We examined gender differences in age of onset of schizophrenia in 194 outpatients between the ages of 35 and 97 years. The majority of patients were recruited from the Veterans Affairs Medical Center, San Diego, CA, and many women were recruited from the University of California, San Diego Outpatient Psychiatric Clinics. Details of recruitment are reported elsewhere (Jeste et al. 1995). Although this was not an epidemiological study, the results were consistent with the literature. Figure 1 shows the percentages of men and women whose age of onset fell within the labeled decade. Below the age of 25, more men (51.4%) than women (37.0%) developed schizophrenia. After the age of 45, however, the percentage of schizophrenia in women (37.0%) was higher than in men (16.4%). Results of a non-parametric test of independent samples (Kolmogorov-Smirnov test) revealed that the distributions were significantly different (K-S z-score=1.63, p<.01). The mean age of onset for men was 30.10 (±13) years and for women was 38.7 (±17.9) years. Furthermore, significantly more women (37.0%) than men (16.4%) had an age of onset of schizophrenia after the age of 45, meeting the DSM-III-R (American Psychiatric Association, 1987) criterion for late-onset schizophrenia (chi-square=9.6, p<.01).
Other gender differences in older patients with schizophrenia
Additional gender differences were observed in a sample of older patients with schizophrenia from our Clinical Research Center (Lindamer et al. 1999). The sample consisted of 36 women and 86 men with schizophrenia who did not differ significantly in terms of age, overall cognitive functioning, or general psychopathology. Although more women than men were diagnosed with paranoid subtype, this difference was not statistically significant. In terms of clinical presentation, older women with schizophrenia had a significantly higher total score on the Scale for the Assessment of Positive Symptoms (SAPS; Andreasen 1984), and lower scores on the Scale for the Assessment of Negative Symptoms (SANS; Andreasen 1981) compared with men. Even when considering the gender differences in age of onset, women still had significantly more severe positive symptoms.

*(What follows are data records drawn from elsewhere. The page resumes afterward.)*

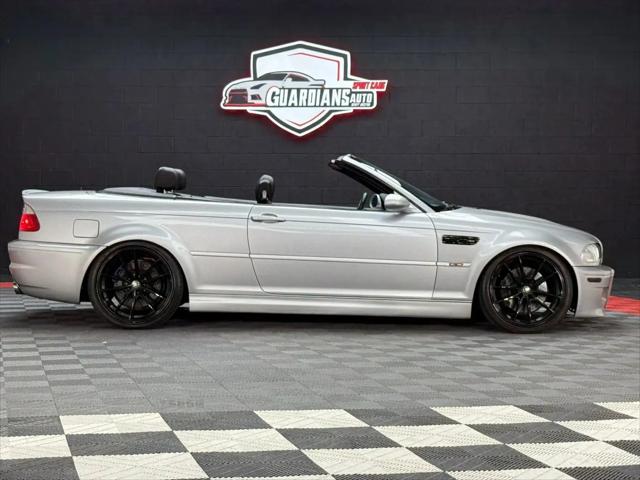 2003 BMW M3 Standard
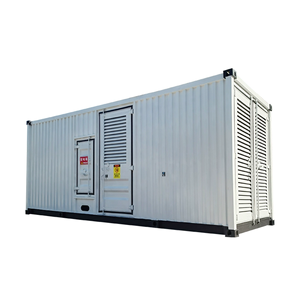 Groupe électrogène pour chantier de 40 pieds, alimentation essentielle pour grue à tour, générateur diesel triphasé à <span class=keywords><strong>prix</strong></span> abordable - Product Image 3
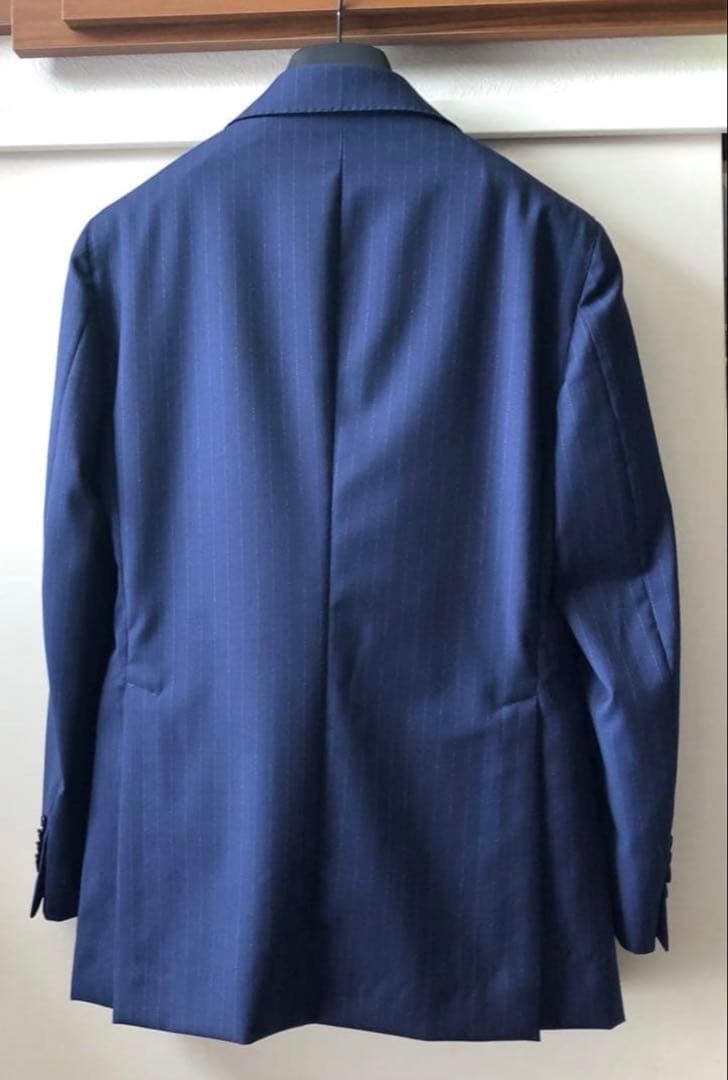 TAGLIATORE タリアトーレ 44 セットアップ navy 正規品
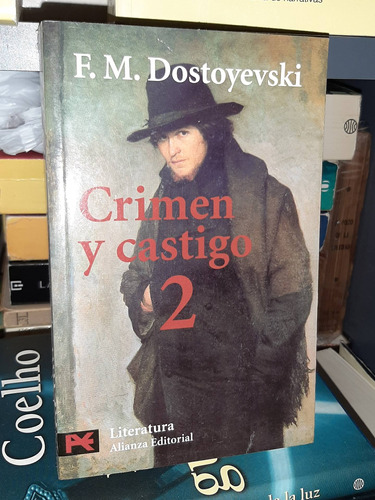 Crimen Y Castigo Tomo 2 - F.m. Dostoyevski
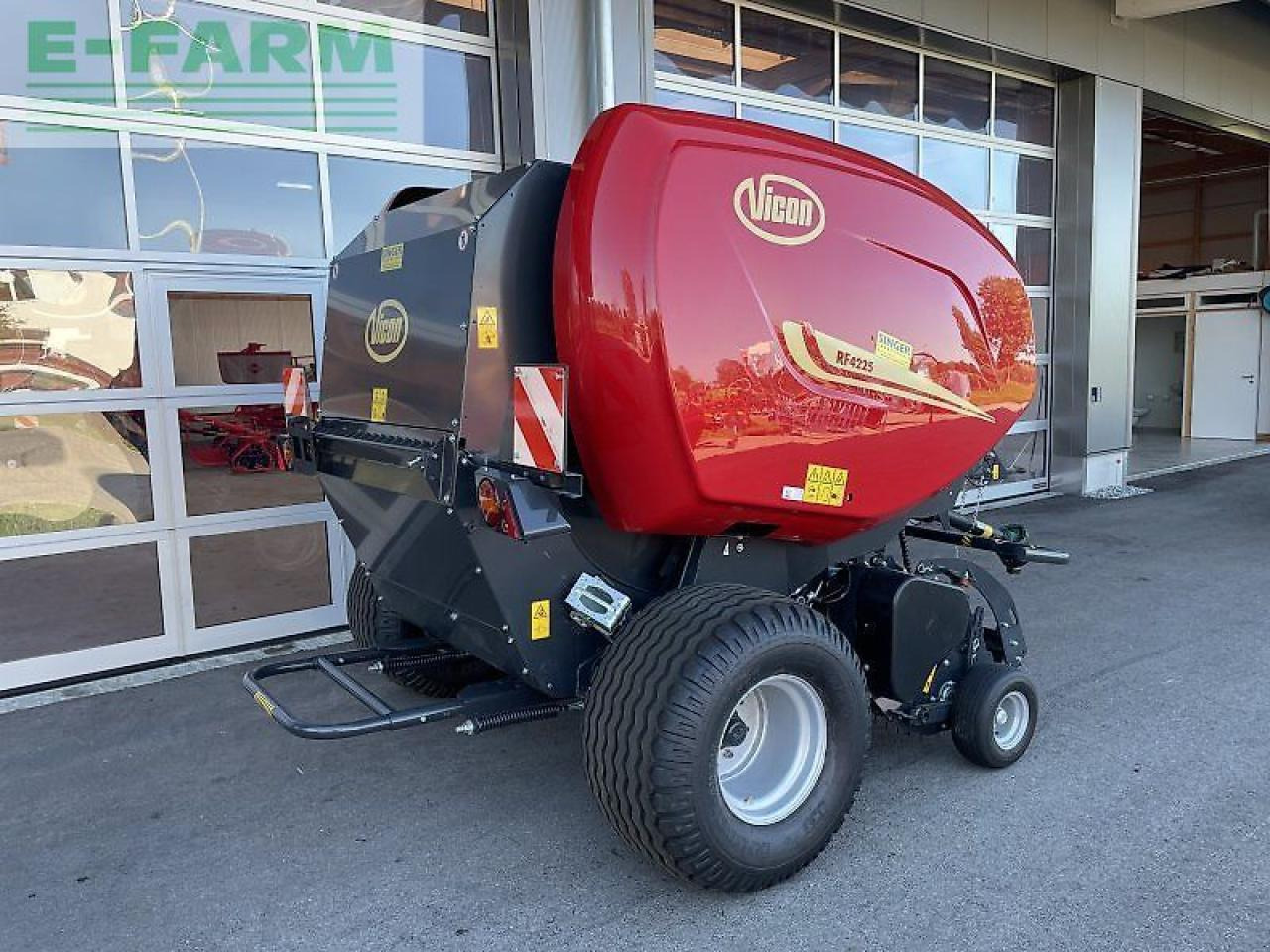 Vicon rf 4225+ - Balirka za kockaste bale: slika 3 Vicon rf 4225+ - Balirka za kockaste bale: slika 3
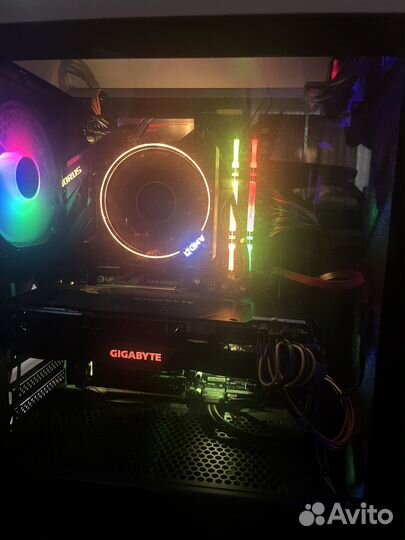 Компьютер rtx 2070Super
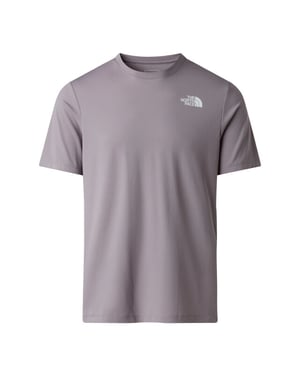 The North Face m 24/7 box nse ss tee sport t-shirt korte mouw heren -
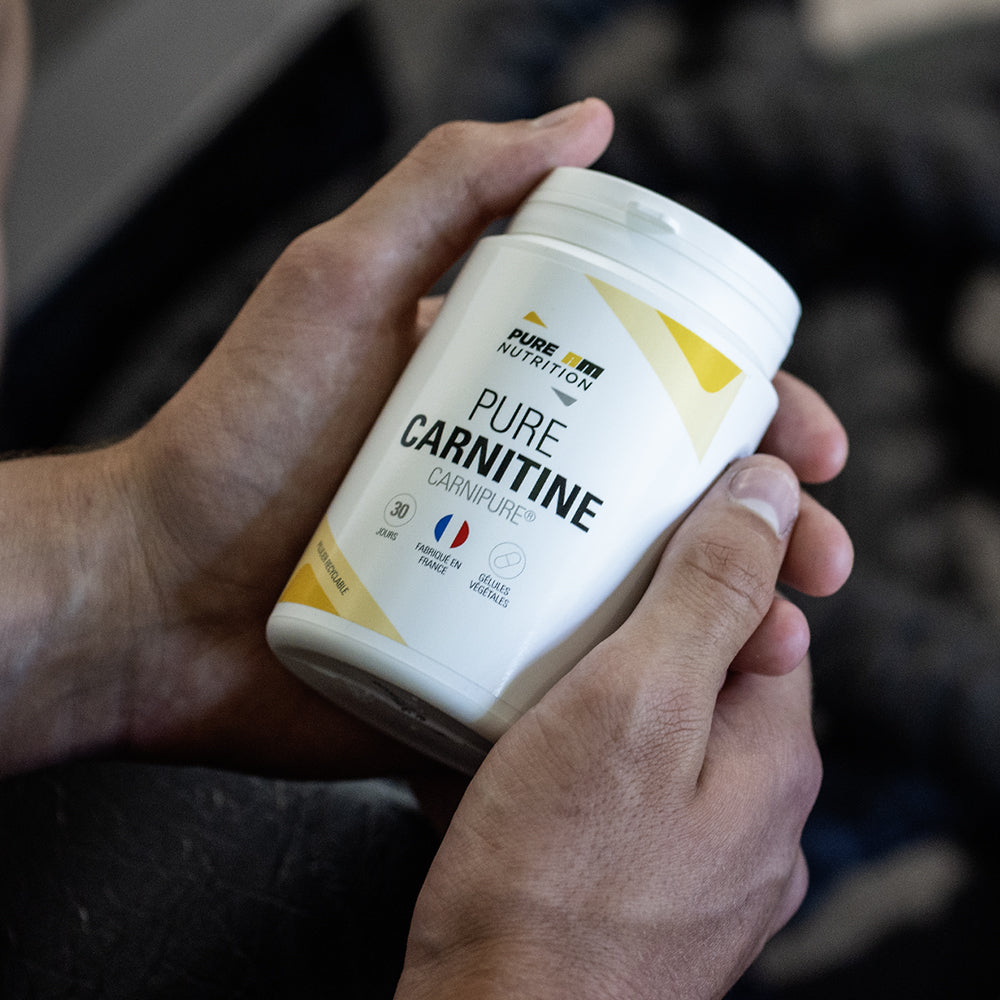 Pure Carnitine Carnipure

Our results of gender differences in older patients with schizophrenia are consistent with studies demonstrating that women have later age of onset, more severe positive symptoms, and less severe negative symptoms (Andia and Zisook 1991; Andia et al. 1995). Our data (Harris et al. 1997) are also consistent with a study reporting no differential relationship of schizophrenia to cognitive performance for the two genders (Goldberg et al. 1995), but inconsistent with data from a study reporting that women with schizophrenia were more neuropsychologically impaired than their male counterparts (Lewine et al. 1996). We have examined structural brain abnormalities in a small sample of older patients and found no consistent gender differences in MRI abnormalities over and above what is seen in normal comparison subjects.

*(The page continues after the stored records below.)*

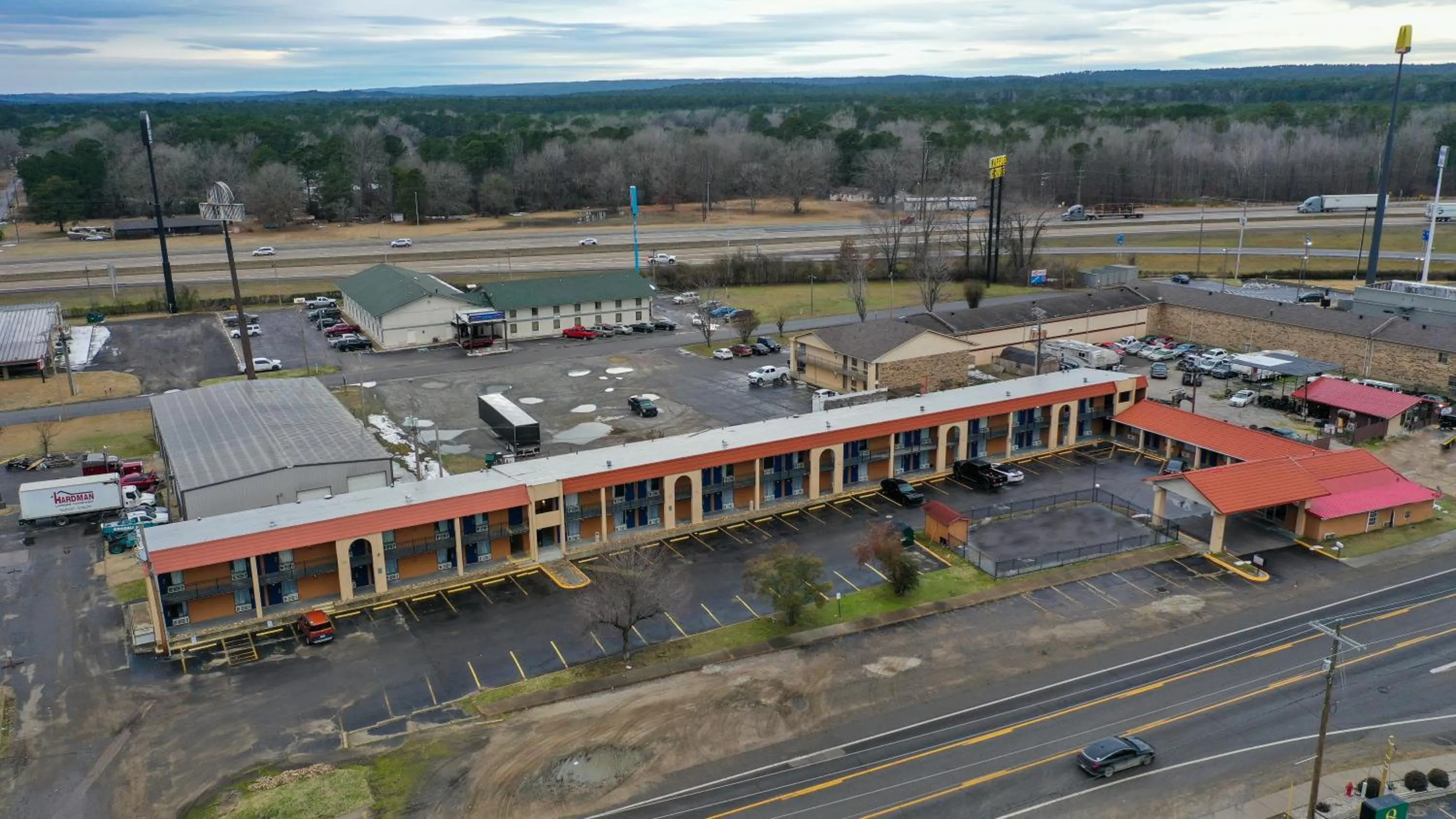 Days Inn by Wyndham Caddo Valley Arkadelphia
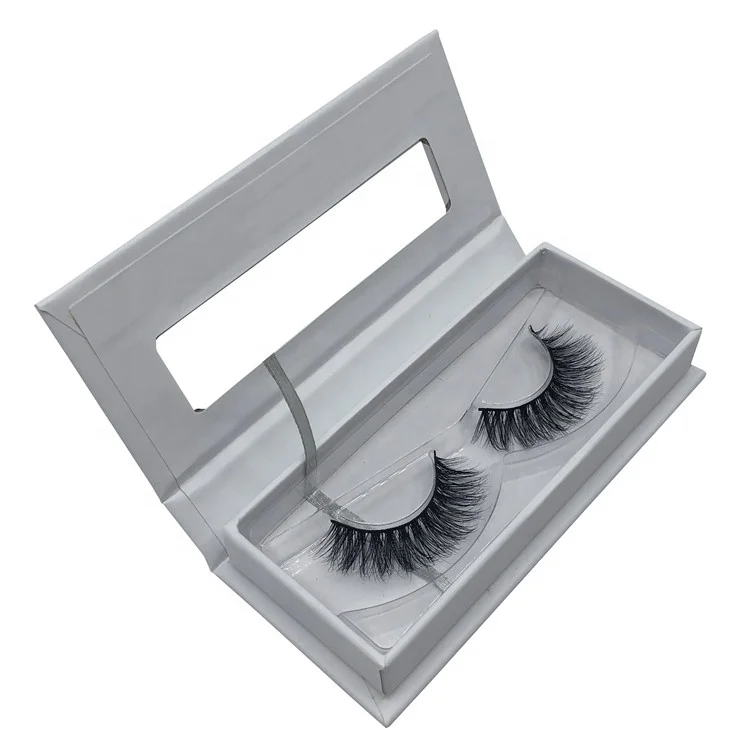 

Wholesale False Eyelash With Custom Logo 3D Mink Eyelashes Vendor, Black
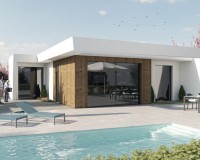 Nieuwbouw - Villa - Murcia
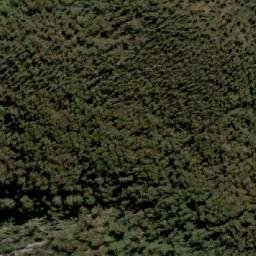 Satellite imagery of Mount Cynthia, AU
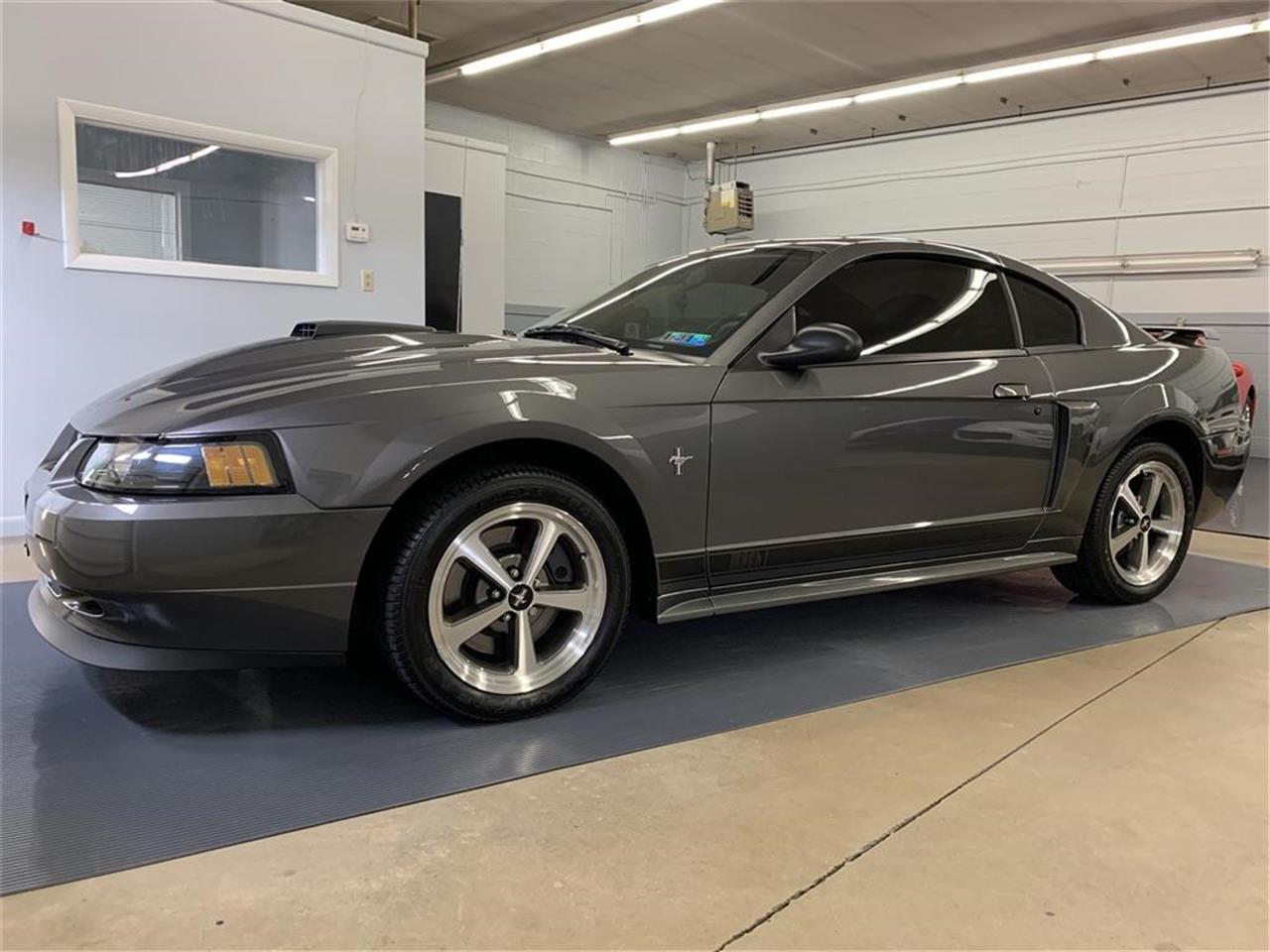 2003 ford mustang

What do these gender differences tell us about estrogen and schizophrenia? There are two viewpoints presented in the literature (Lindamer and Jeste 1999). One position is that there are different subtypes of schizophrenia for men and women. One subtype with earlier onset and consequently poorer premorbid functioning is over-represented in men (Lewine 1981). Further evidence for this viewpoint comes from the results of latent class analysis of gender differences in schizophrenia (Castle et al. 1994; Goldstein et al. 1990). The other position is that the same type of schizophrenia afflicts both men and women but that the onset of schizophrenia shifts to a later age in women. To account for such “protection” from schizophrenia in young adulthood, researchers have proposed that premenopausal estrogen levels may increase the threshold of susceptibility for schizophrenia; after menopause when estrogen levels have dropped significantly, the risk for developing schizophrenia increases for women.

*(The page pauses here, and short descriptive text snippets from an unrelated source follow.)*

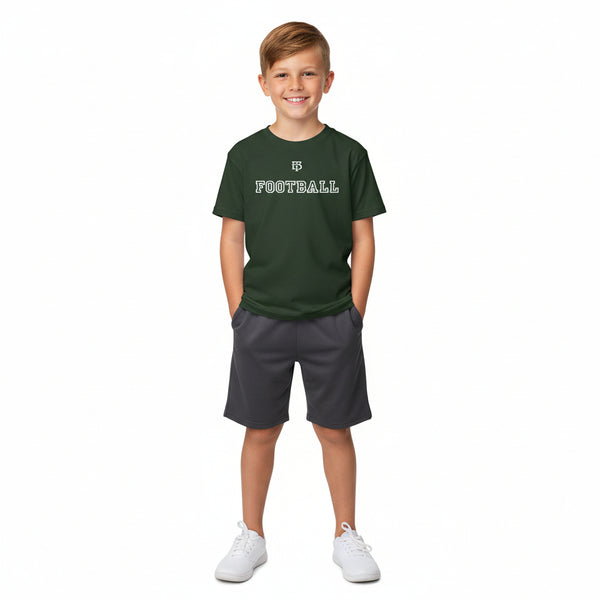 FOREST GREEN - FRONT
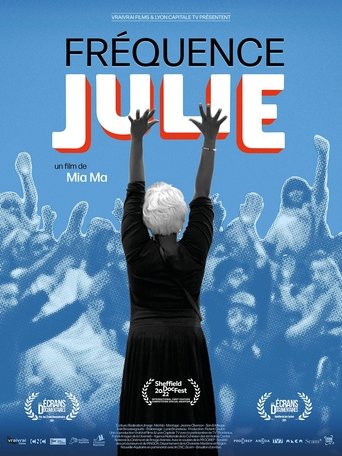 Julie on Line poster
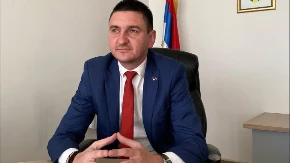 Načelniku Pelagićeva Slavku Tešiću zabranjen ulazak na Kosovo i Metohiju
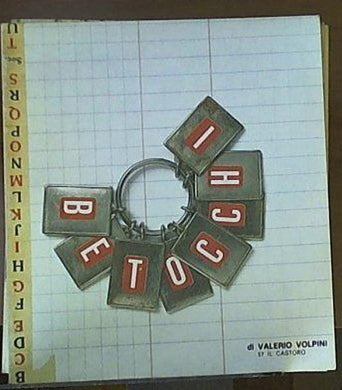 Carlo Betocchi  La nuova Italia,  1978 Valerio Volpini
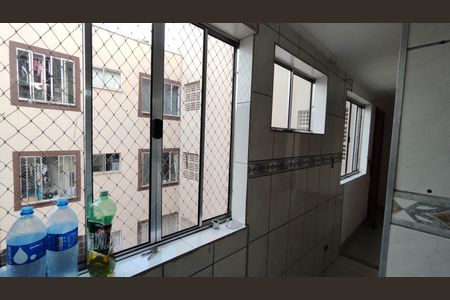 Apartamento para alugar com 42m², 2 quartos e sem vagaÁrea de Serviço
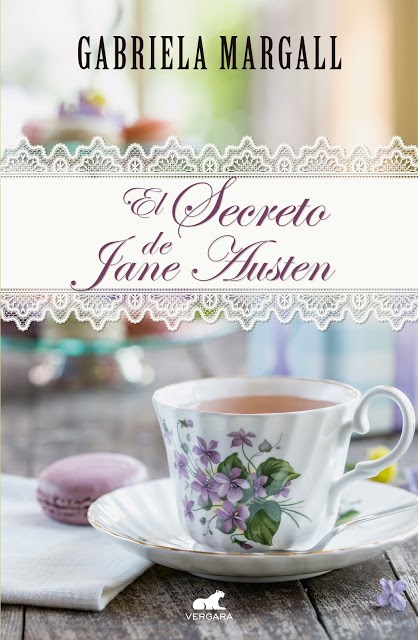 Papel El Secreto De Jane Austen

Relationship between estrogen levels and psychopathology
Further evidence for an association between estrogen and psychosis comes from the literature investigating psychopathology over different phases of the menstrual cycle in premenopausal women with schizophrenia. Hallonquist and colleagues (1993) studied severity and types of psychopathology in 5 outpatient women (ages 29 to 49) with schizophrenia over two consecutive menstrual cycles. All the women had regular menstrual cycles, were receiving neuroleptic medication, and were not taking oral contraceptives. The authors assessed the severity of depression, psychotic symptoms, somatization, phobia, anxiety, and hostility, as well as global psychopathology using the Abbreviated Symptom Checklist (McNiel et al. 1989). Only global psychopathology scores were significantly lower during the high estrogen phase of the menstrual cycle and higher during the low estrogen phase. There were no significant differences on any specific measures of psychopathology. While these results are intriguing, there are several methodological concerns that make drawing conclusions about the relationship of estrogen and psychopathology premature. For example, no blood levels of estradiol were assayed and the sample size was very small. Additionally, the only significant difference was in overall psychopathology which raises questions about the sensitivity of the Abbreviated Symptom Checklist and/or the specificity of the effect of estradiol.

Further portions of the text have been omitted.